Can anyone help me just find the min master_comm_id to then use in the subquery?
Upvotes: 0
Views: 2363
Reputation: 13949
SELECT a.account_id,
oa.[amount]
FROM account a
OUTER APPLY (
SELECT SUM(e.amount) [amount]
FROM event e
WHERE e.event_type_id <> 47
AND EXISTS (
SELECT 1
FROM comm c
WHERE e.master_comm_id = c.comm_id
AND c.item_id = a.item_id
AND c.comp_type_id IN (20, 485)
)
) oa
if what you're saying about I only want the first master_comm_id, ie. the MIN one.
means you only want the sum from the min(master_comm_id)
then you can try something like this.
SELECT a.account_id,
oa.[amount]
FROM account a
OUTER APPLY (
SELECT MIN(e.master_comm_id) master_comm_id
FROM event e
WHERE e.event_type_id <> 47
AND EXISTS (
SELECT 1
FROM comm c
WHERE e.master_comm_id = c.comm_id
AND c.item_id = a.item_id
AND c.comp_type_id IN (20, 485)
)
) mmci
OUTER APPLY (
SELECT SUM(e.amount) [amount]
FROM event e
WHERE e.master_comm_id = mmci.master_comm_id
AND e.event_type_id <> 47
) oa
Upvotes: 0
Reputation: 1269823
The "normal" solution is to use IN
or = ANY
:
SELECT a.account_id,
(SELECT SUM(e.amount)
FROM event e
WHERE e.event_type_id <> 47 AND
e.master_comm_id IN (SELECT c.comm_id
FROM comm c
WHERE c.item_id = a.item_id AND
c.comp_type_id = 20 AND
c.comm_type_id = 485
)
) as sumamount
FROM account a;
There are other alternatives, such as an explicit JOIN
and GROUP BY
.
I actually notice that the subquery does not have a correlation clause. Without one, it will always returns the same value. It is clearer to put such queries in the FROM
clause:
SELECT a.account_id, e.sumamount
FROM account a CROSS JOIN
(SELECT SUM(e.amount) as sumamount
FROM event e
WHERE e.event_type_id <> 47 AND
e.master_comm_id IN (SELECT c.comm_id
FROM comm c
WHERE c.item_id = a.item_id AND
c.comp_type_id = 20 AND
c.comm_type_id = 485
)
) e;
Some databases will execute the subquery in the SELECT
for every row. SQL Server is probably smart enough to optimize that away. But, putting it in the FROM
clause guarantees that it is executed only once.
Upvotes: 2
Reputation: 5482
Top 1 works, but only if the data is ordered (per below SO)

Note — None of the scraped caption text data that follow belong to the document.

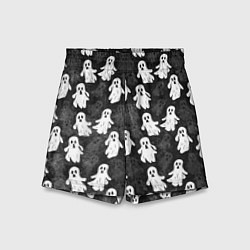 Шорты детские Паттерн с призраками, цвет: 3D-принт
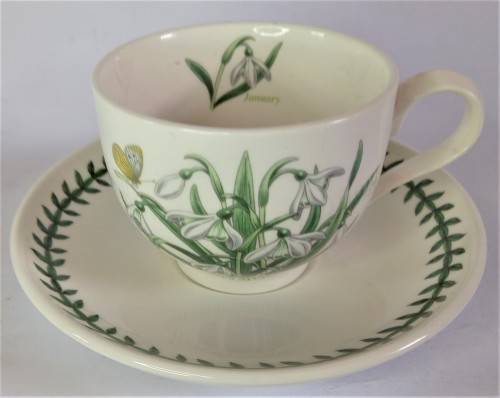 Portmeirion `Snowdrop` Tea Duo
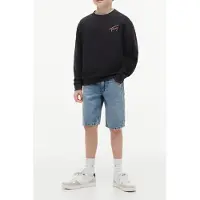 Tommy Hilfiger Boys Tommy Seasonal Sweater Washed Black Taglia: 6 | Maglioni Outlet | Unisex | Nero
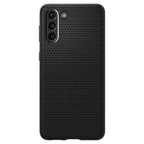 Spigen Liquid Air dėklas Samsung Galaxy S21 – matinis juodas -- Samsung Galaxy S21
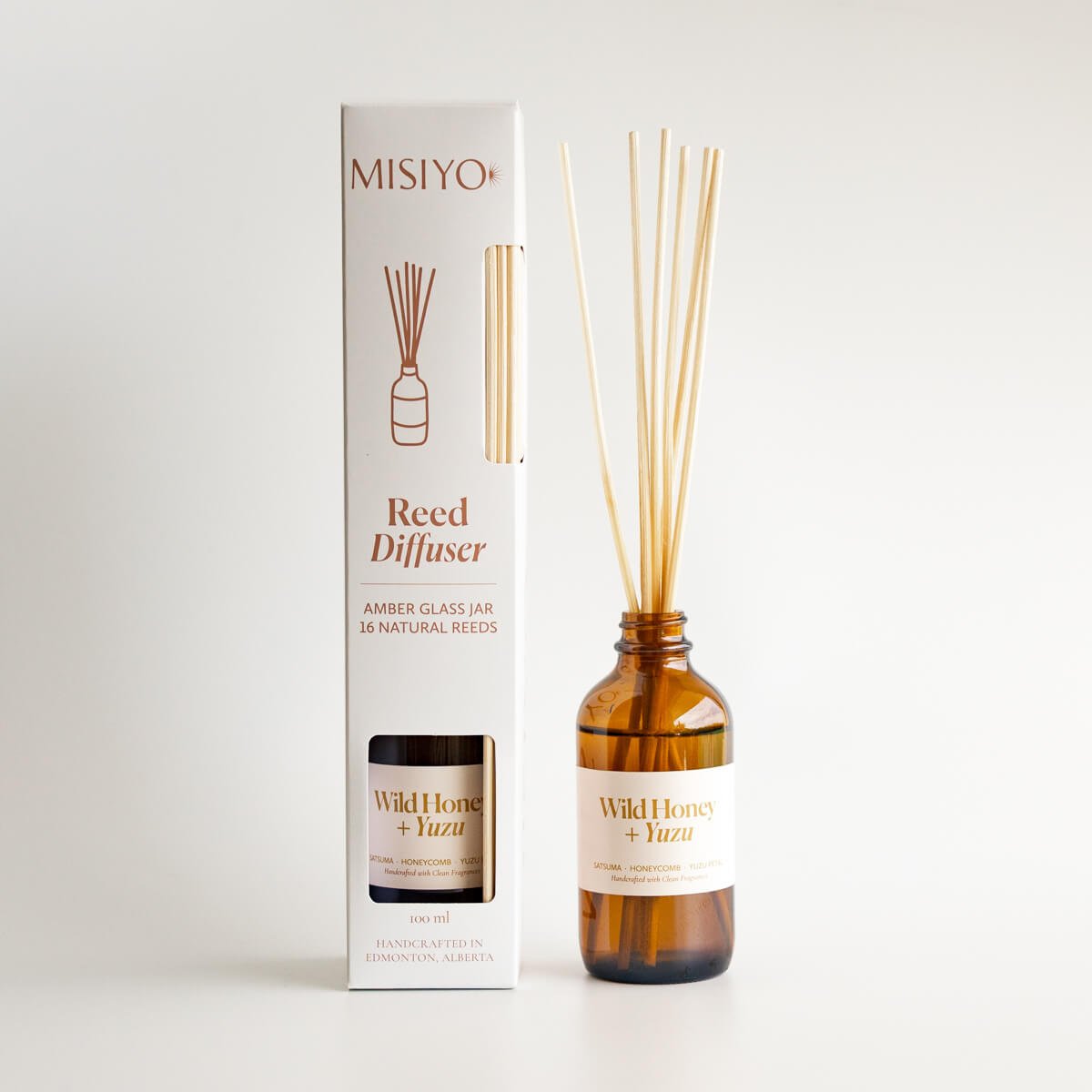 Wild Honey + Yuzu Reed Diffuser - Reed DiffusersMisiyo Candle CoRDF-WHYMisiyo Candle Co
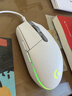 罗技（G）G102 有线游戏鼠标 白色 RGB灯效 吃鸡鼠标 绝地求生 轻量化设计 G102第二代 实拍图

You mentioned you tried MIN, but where? This may work (you are very close):
SELECT
a.account_id
,(SELECT SUM(e.amount)
FROM event e
WHERE e.event_type_id <> 47
AND e.master_comm_id = (SELECT **MIN**(c.comm_id)
FROM comm c
WHERE c.item_id = a.item_id
AND c.comp_type_id = 20
AND c.comm_type_id = 485))
FROM account
MAX vs Top 1 - which is better?
Upvotes: 0
Reputation: 761
Try this one. Since I don't have sample data, I cannot check, but it looks obvious - select only top 1, while the select list is ordered by the ID ascending...
SELECT
a.account_id
,(SELECT SUM(e.amount)
FROM event e
WHERE e.event_type_id <> 47
AND e.master_comm_id = (SELECT top 1 c.comm_id
FROM comm c
WHERE c.item_id = a.item_id
AND c.comp_type_id = 20
AND c.comm_type_id = 485
ORDER BY C.COMM_ID ASC))
FROM account a
Upvotes: 2